Please copy exactly the lines from the one containing "thumbnail image 3" to the end of the entries, both included, and nothing else. Omit every picture.

#### [Short web captions]
***
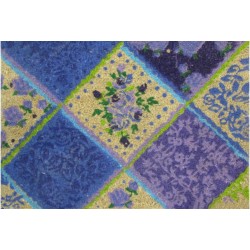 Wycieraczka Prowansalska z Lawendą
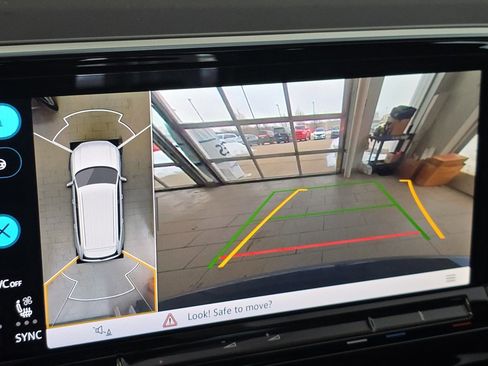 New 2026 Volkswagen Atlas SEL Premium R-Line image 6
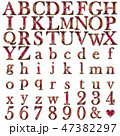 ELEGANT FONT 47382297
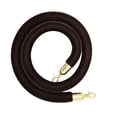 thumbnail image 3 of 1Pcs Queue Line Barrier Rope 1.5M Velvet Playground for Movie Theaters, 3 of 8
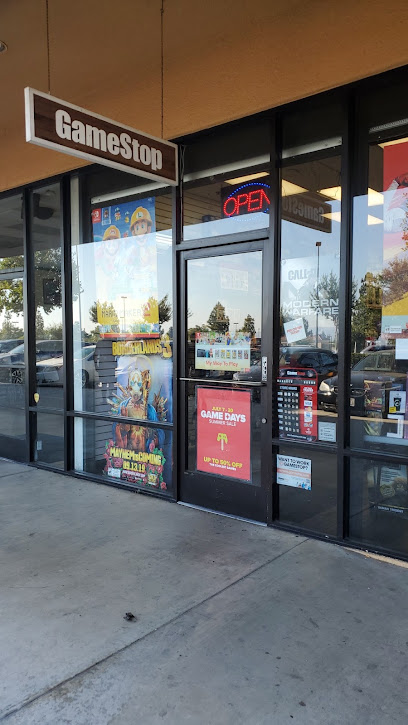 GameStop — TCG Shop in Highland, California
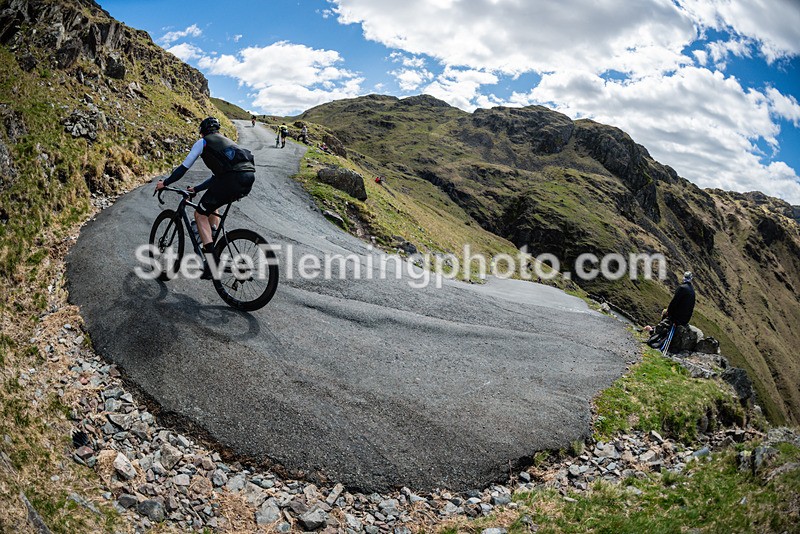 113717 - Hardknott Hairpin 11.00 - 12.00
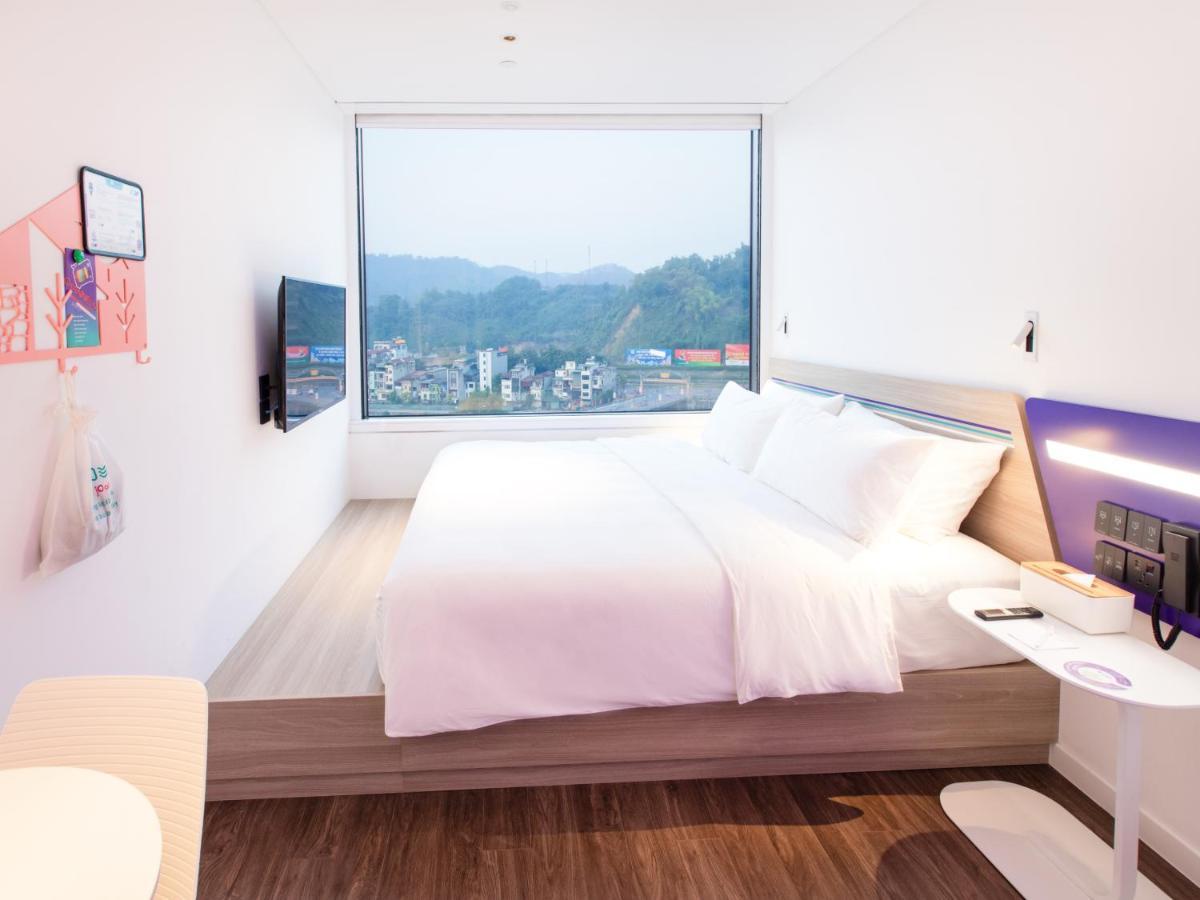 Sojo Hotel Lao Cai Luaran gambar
***
#### [REPLY]
 thumbnail image 3 of 1Pcs Queue Line Barrier Rope 1.5M Velvet Playground for Movie Theaters, 3 of 8
 GameStop — TCG Shop in Highland, California
 113717 - Hardknott Hairpin 11.00 - 12.00
 Sojo Hotel Lao Cai Luaran gambar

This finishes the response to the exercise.